■ **TASK OBJECTIVE**
Retype exactly the lines from the line with "Arbre à Chat" to the end of the data, keeping both boundary lines.

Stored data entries
- - - -

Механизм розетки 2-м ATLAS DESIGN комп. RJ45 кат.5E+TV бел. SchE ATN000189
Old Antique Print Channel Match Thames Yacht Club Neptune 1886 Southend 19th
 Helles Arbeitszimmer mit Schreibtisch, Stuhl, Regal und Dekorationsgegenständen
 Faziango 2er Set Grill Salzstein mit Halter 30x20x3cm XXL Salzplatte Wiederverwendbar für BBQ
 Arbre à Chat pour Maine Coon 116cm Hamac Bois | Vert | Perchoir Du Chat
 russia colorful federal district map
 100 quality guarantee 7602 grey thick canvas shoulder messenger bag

- - - -

■ **RESPONSE AREA**
 Arbre à Chat pour Maine Coon 116cm Hamac Bois | Vert | Perchoir Du Chat
 russia colorful federal district map
 100 quality guarantee 7602 grey thick canvas shoulder messenger bag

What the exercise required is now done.